Where have all the pedigrees gone?
Publications concern themselves with sale averages—what sold last year is supposed to have some bearing on what this year’s horses should bring. One of the things never referred to is the difference from one year to the next in the catalogs. I have said more than once that the only way to compare sales is to have the same economy, selling the same horses to the same people. Because everything changes, the averages from one year to the next are meaningless.
The real fly in the ointment lies elsewhere. For years commercial breeders have mortgaged their collective futures for today’s cash. We have been only too glad to sell our best-bred horses to our friends from Japan, Ireland, England, France, and Dubai. When we look at today’s catalogs, they lack those female families that gave us star power and the need for those players from around the world to come to our sales.
We will continue to breed and race fine horses, but without some infusion of strong female families into our system, the foreign buyers will go elsewhere.
Consider what World War II did to Europe’s Thoroughbreds. For safety and cash, those horses flocked to our shores. It’s taken Europeans a lifetime to get them back, and we won’t quickly recover these families either. Great families have generally resided in the private sector. Commercial breeders gain access through breeding to some of those stallions. Today many of those stallions stand in other parts of the world. The synthetic surfaces offer us a chance to get some of these stallions back quicker.

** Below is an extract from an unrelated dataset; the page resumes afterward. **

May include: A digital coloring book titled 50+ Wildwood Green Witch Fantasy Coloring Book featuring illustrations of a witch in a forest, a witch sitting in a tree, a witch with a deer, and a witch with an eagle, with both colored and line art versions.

I have never understood the domestic commercial buyers’ emphasis on conformation. It’s important when looking at a horse to see what will keep that individual from racing. Absent any real flaws, one should probably pay more attention to the pedigree.
The 2009 Keeneland November sale pointed out how pedigrees can make a sale. With the addition of the Overbrook Farm dispersal, we saw bloodlines that helped a down market show some strength. The sale topper, Honest Pursuit, a modest race mare with an outstanding pedigree, is one of a kind—the kind of pedigree that can be a boon to the purchaser for generations to come. Exaggeration? Take the purchase of La Troienne by Ogden Phipps. Many fine families and stallions today still trace back to her.
When my dad started in the Thoroughbred business 60-plus years ago, he would buy a filly off the racetrack. Where and how he found them, with the little technology they had at their disposal then, is mind-boggling. Hell, they had 24-hour entries then. He never kept proceeds from the sale of their offspring, instead reinvesting in another filly from time to time.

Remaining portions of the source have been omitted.